Each record must be copied in full and unchanged; any image it holds is excluded.

**Dataset records**
--------------------

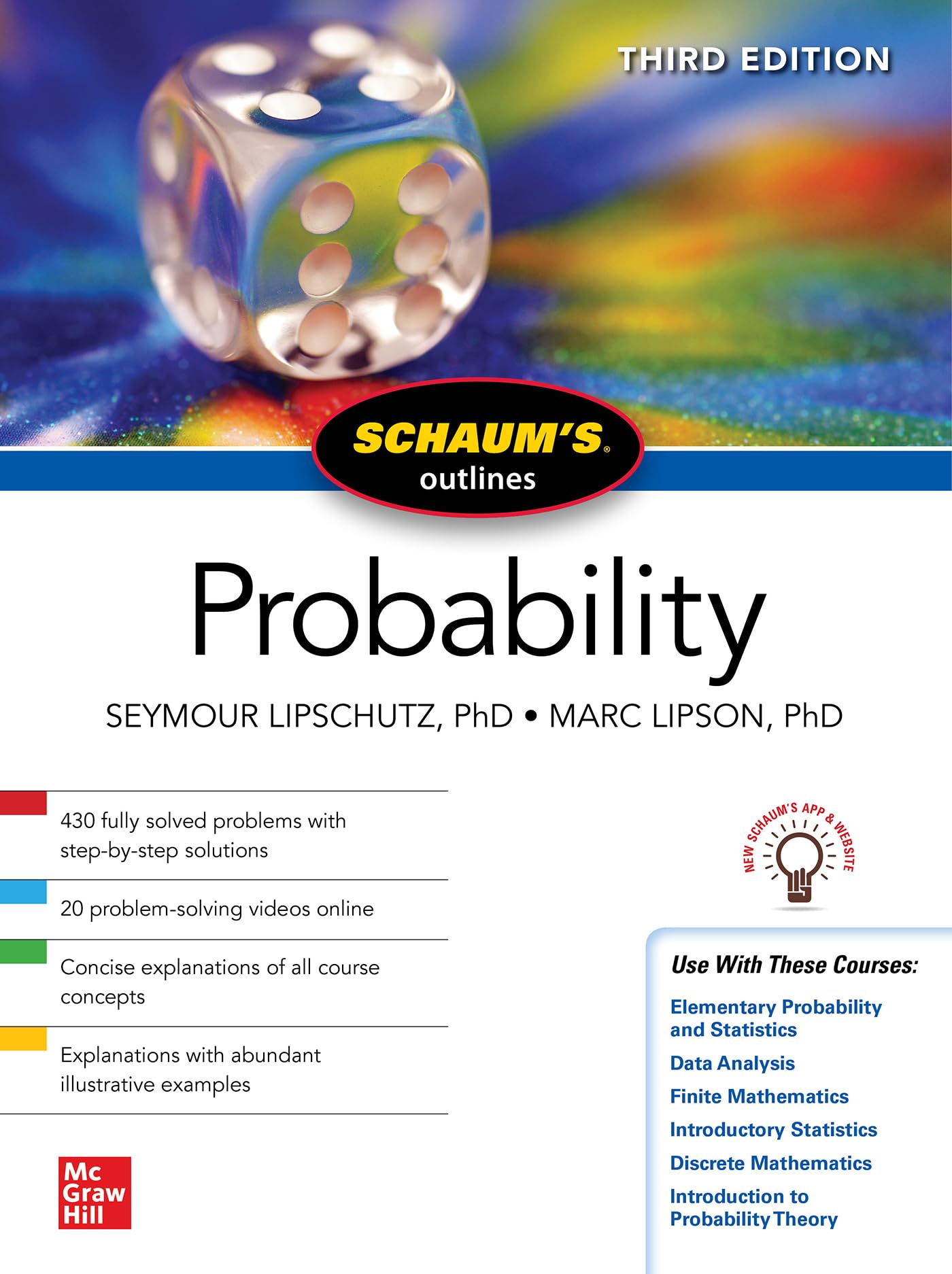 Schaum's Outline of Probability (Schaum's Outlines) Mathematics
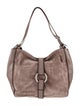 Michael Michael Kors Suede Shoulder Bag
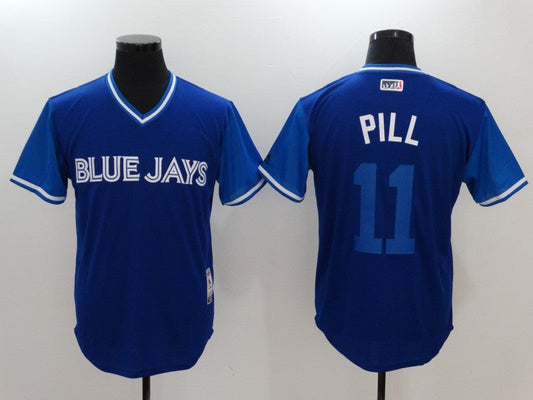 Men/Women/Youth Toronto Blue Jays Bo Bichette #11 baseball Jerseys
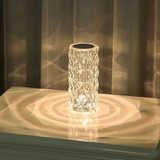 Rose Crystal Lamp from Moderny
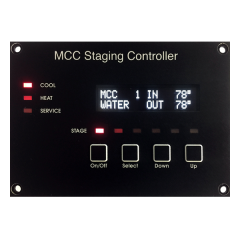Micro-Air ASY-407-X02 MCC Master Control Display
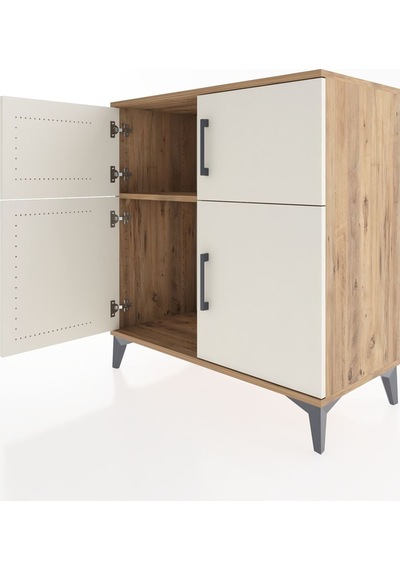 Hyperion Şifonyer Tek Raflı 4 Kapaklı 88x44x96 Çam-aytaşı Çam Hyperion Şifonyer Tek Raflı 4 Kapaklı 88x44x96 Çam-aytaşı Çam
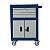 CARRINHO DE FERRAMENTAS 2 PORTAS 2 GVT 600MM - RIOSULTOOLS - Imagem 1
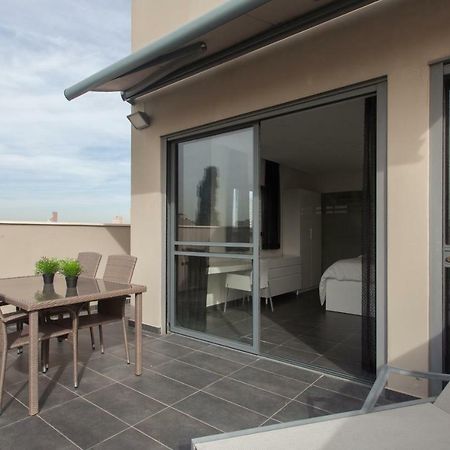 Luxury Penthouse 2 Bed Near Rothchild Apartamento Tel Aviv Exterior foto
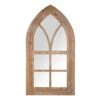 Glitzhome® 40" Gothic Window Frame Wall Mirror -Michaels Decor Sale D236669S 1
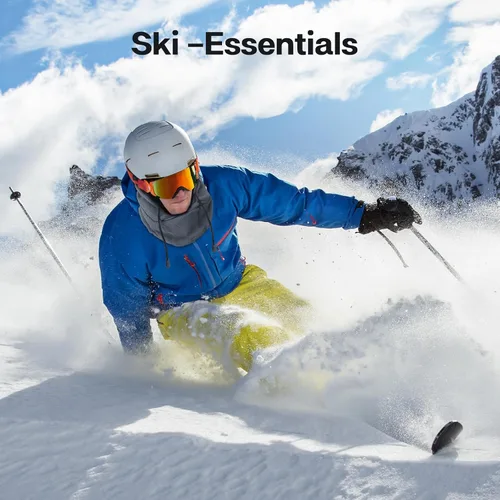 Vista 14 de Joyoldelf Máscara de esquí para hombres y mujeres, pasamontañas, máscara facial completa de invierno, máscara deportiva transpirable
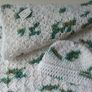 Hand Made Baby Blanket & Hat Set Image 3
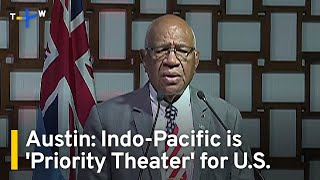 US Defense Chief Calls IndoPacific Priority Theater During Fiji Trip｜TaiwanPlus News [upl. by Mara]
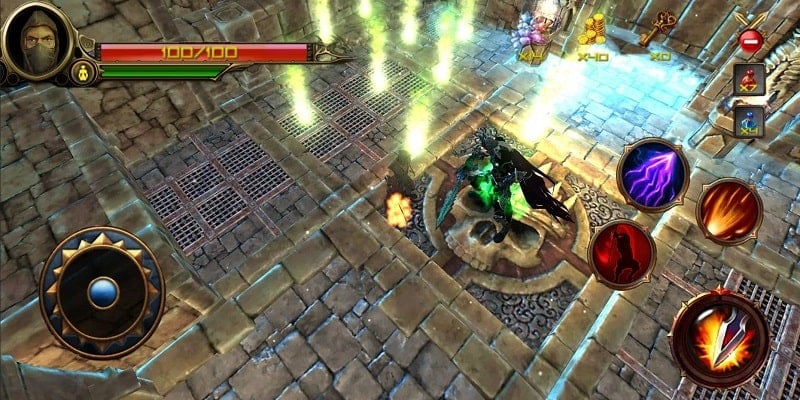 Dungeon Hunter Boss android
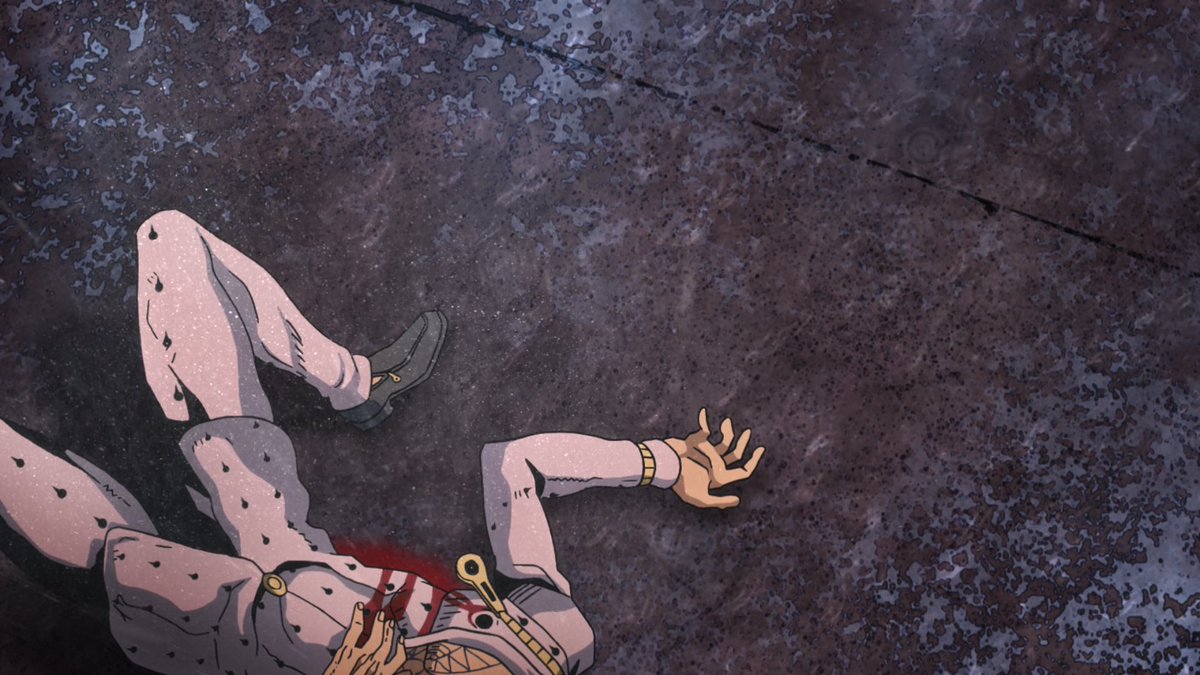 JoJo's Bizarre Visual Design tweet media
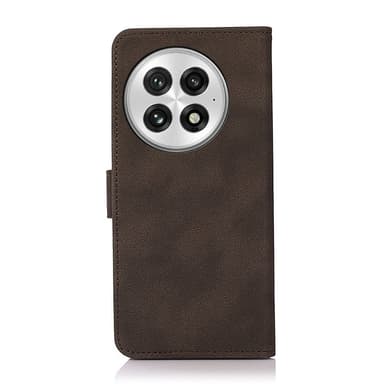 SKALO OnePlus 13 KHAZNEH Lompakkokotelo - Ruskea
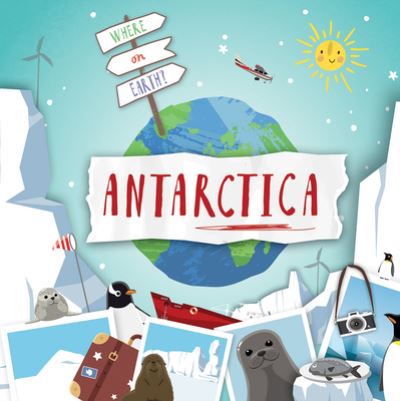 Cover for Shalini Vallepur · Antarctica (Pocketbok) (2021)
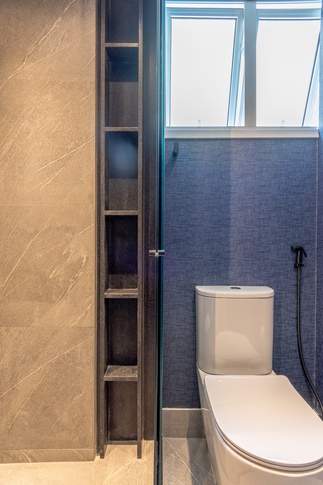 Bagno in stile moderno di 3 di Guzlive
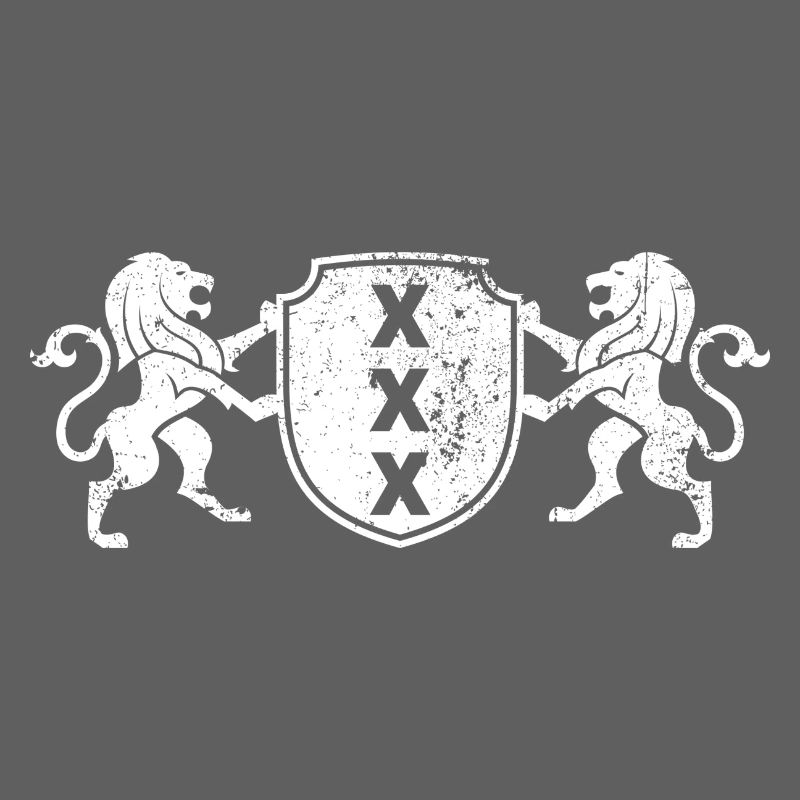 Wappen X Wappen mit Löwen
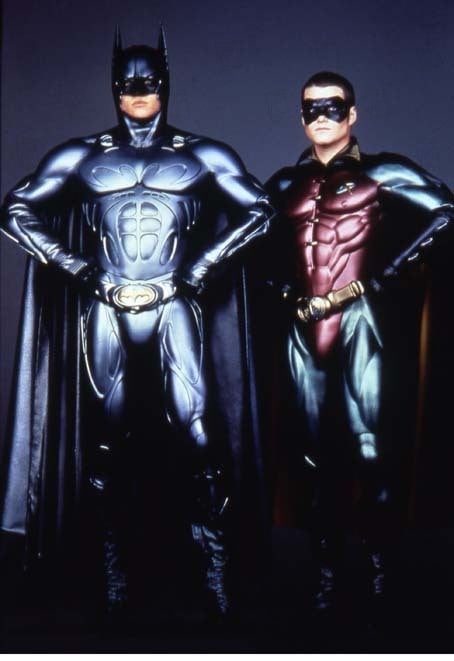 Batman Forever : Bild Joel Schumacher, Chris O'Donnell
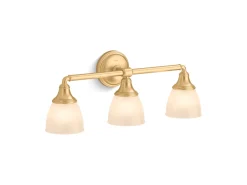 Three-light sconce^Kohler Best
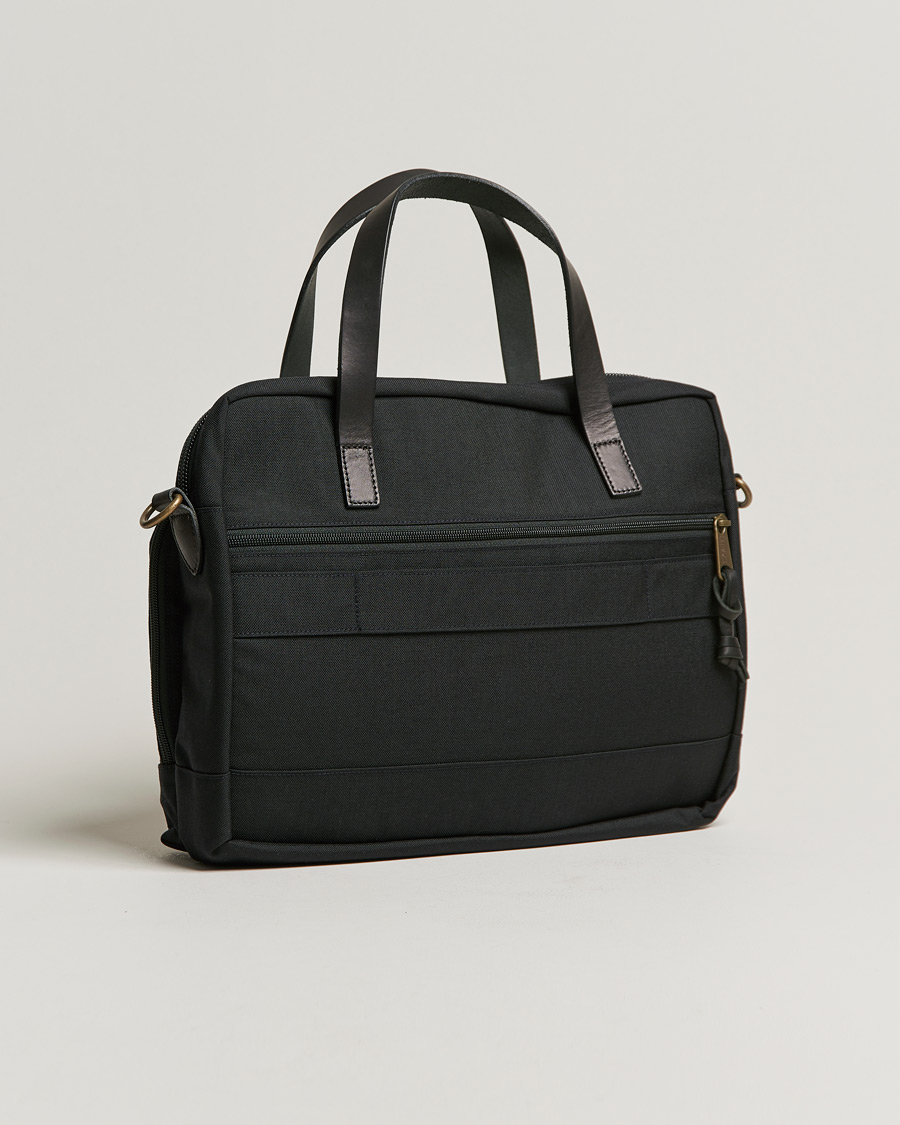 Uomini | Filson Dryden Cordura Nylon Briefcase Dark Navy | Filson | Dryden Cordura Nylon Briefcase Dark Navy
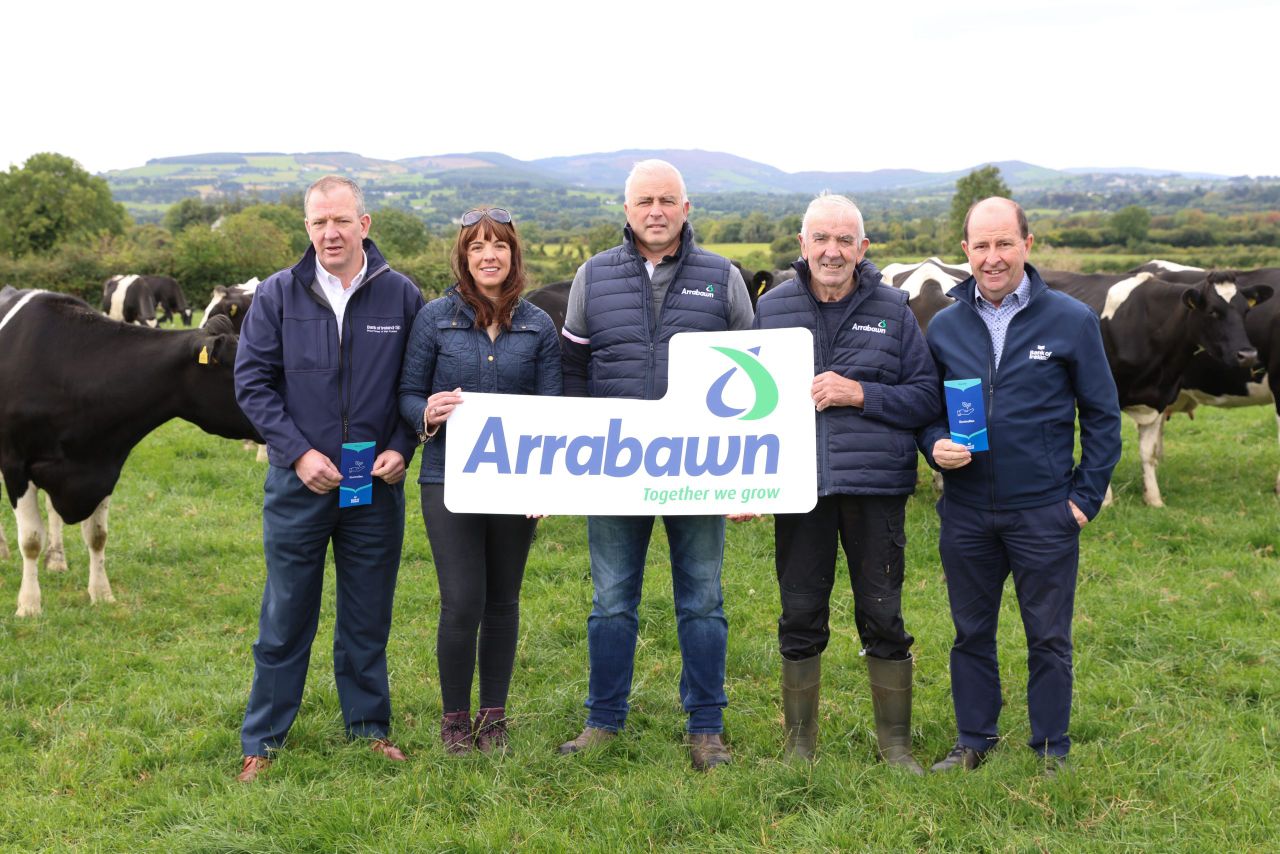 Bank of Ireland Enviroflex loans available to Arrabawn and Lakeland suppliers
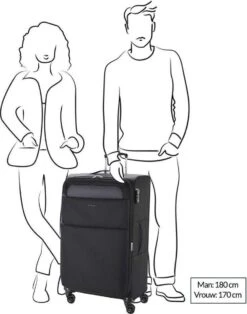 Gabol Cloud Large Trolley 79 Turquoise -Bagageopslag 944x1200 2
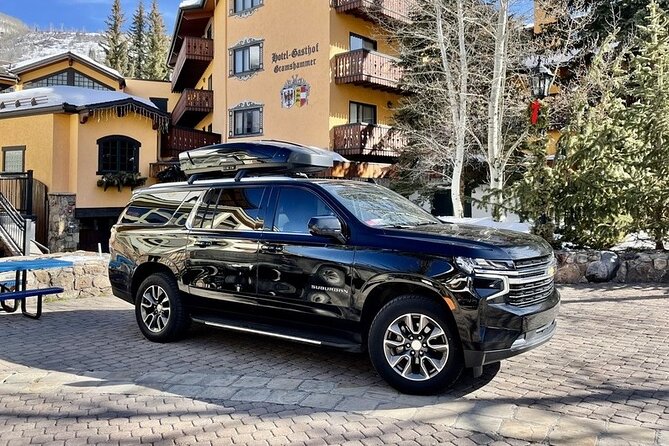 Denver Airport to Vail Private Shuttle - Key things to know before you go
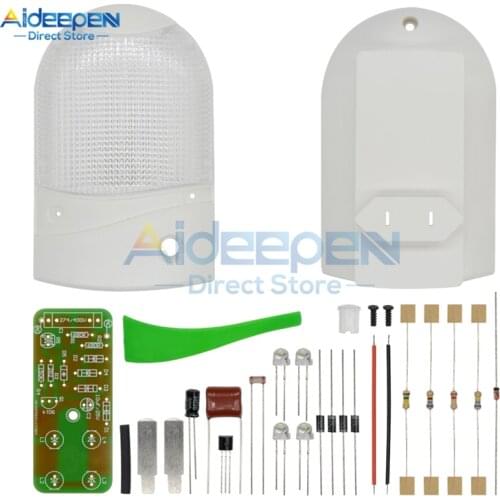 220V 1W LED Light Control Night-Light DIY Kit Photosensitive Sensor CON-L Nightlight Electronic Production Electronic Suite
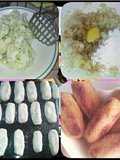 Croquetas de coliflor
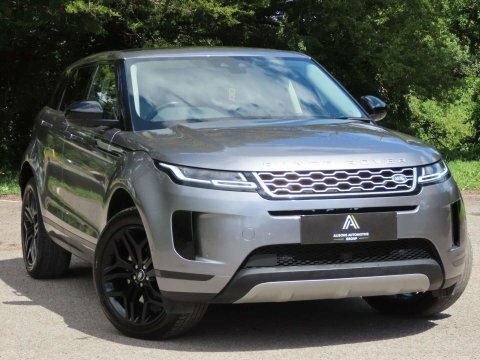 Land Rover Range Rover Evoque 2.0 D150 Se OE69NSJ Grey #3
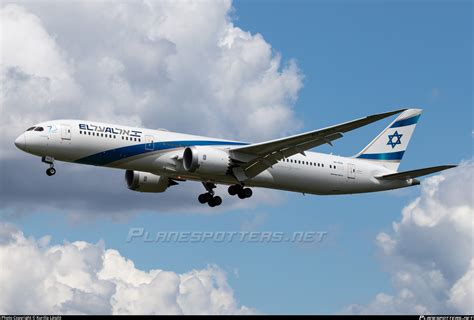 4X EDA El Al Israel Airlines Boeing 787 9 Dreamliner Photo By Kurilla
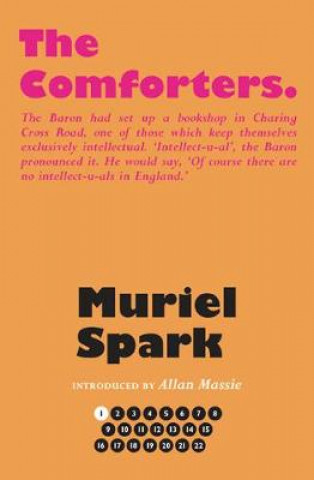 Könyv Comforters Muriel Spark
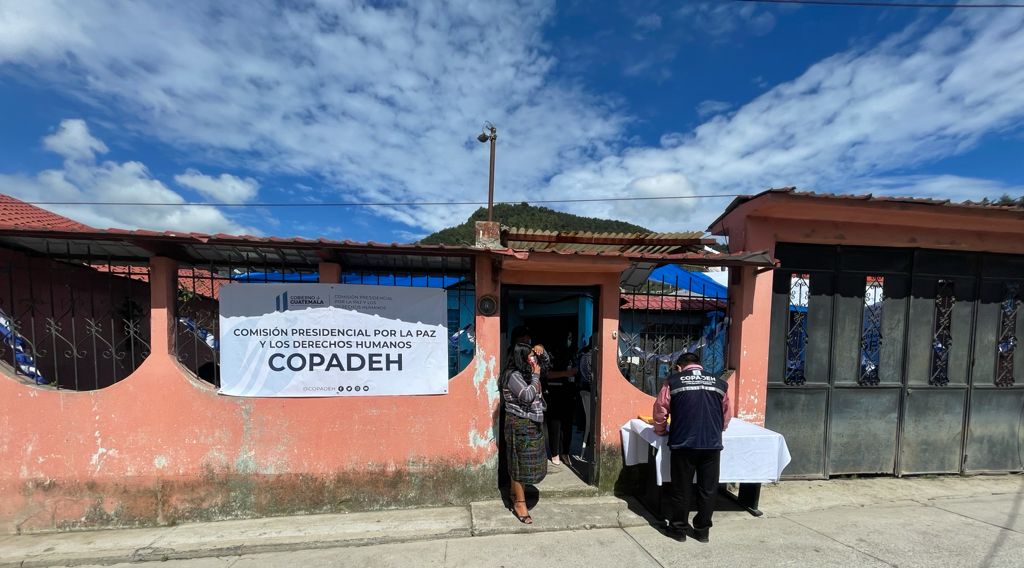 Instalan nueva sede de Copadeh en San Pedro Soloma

--------------------

**Exercise response**
 Schaum's Outline of Probability (Schaum's Outlines) Mathematics
 Michael Michael Kors Suede Shoulder Bag
 Men/Women/Youth Toronto Blue Jays Bo Bichette #11 baseball Jerseys
 Rose Crystal Lamp from Moderny
Micro-Air ASY-407-X02 MCC Master Control Display
 Hyperion Şifonyer Tek Raflı 4 Kapaklı 88x44x96 Çam-aytaşı Çam Hyperion Şifonyer Tek Raflı 4 Kapaklı 88x44x96 Çam-aytaşı Çam
 CARRINHO DE FERRAMENTAS 2 PORTAS 2 GVT 600MM - RIOSULTOOLS - Imagem 1
 Luxury Penthouse 2 Bed Near Rothchild Apartamento Tel Aviv Exterior foto
 Glitzhome® 40" Gothic Window Frame Wall Mirror -Michaels Decor Sale D236669S 1
 Vista 14 de Joyoldelf Máscara de esquí para hombres y mujeres, pasamontañas, máscara facial completa de invierno, máscara deportiva transpirable
 Hand Made Baby Blanket & Hat Set Image 3
 US Defense Chief Calls IndoPacific Priority Theater During Fiji Trip｜TaiwanPlus News [upl. by Mara]
 Dungeon Hunter Boss android
 JoJo's Bizarre Visual Design tweet media
 SKALO OnePlus 13 KHAZNEH Lompakkokotelo - Ruskea
 Cover for Shalini Vallepur · Antarctica (Pocketbok) (2021)
 Bagno in stile moderno di 3 di Guzlive
 Wappen X Wappen mit Löwen
 Batman Forever : Bild Joel Schumacher, Chris O'Donnell
 Three-light sconce^Kohler Best
 Uomini | Filson Dryden Cordura Nylon Briefcase Dark Navy | Filson | Dryden Cordura Nylon Briefcase Dark Navy
 Bank of Ireland Enviroflex loans available to Arrabawn and Lakeland suppliers
 Gabol Cloud Large Trolley 79 Turquoise -Bagageopslag 944x1200 2
 Denver Airport to Vail Private Shuttle - Key things to know before you go
 220V 1W LED Light Control Night-Light DIY Kit Photosensitive Sensor CON-L Nightlight Electronic Production Electronic Suite
 Croquetas de coliflor
 Land Rover Range Rover Evoque 2.0 D150 Se OE69NSJ Grey #3
 4X EDA El Al Israel Airlines Boeing 787 9 Dreamliner Photo By Kurilla
 Könyv Comforters Muriel Spark
 Instalan nueva sede de Copadeh en San Pedro Soloma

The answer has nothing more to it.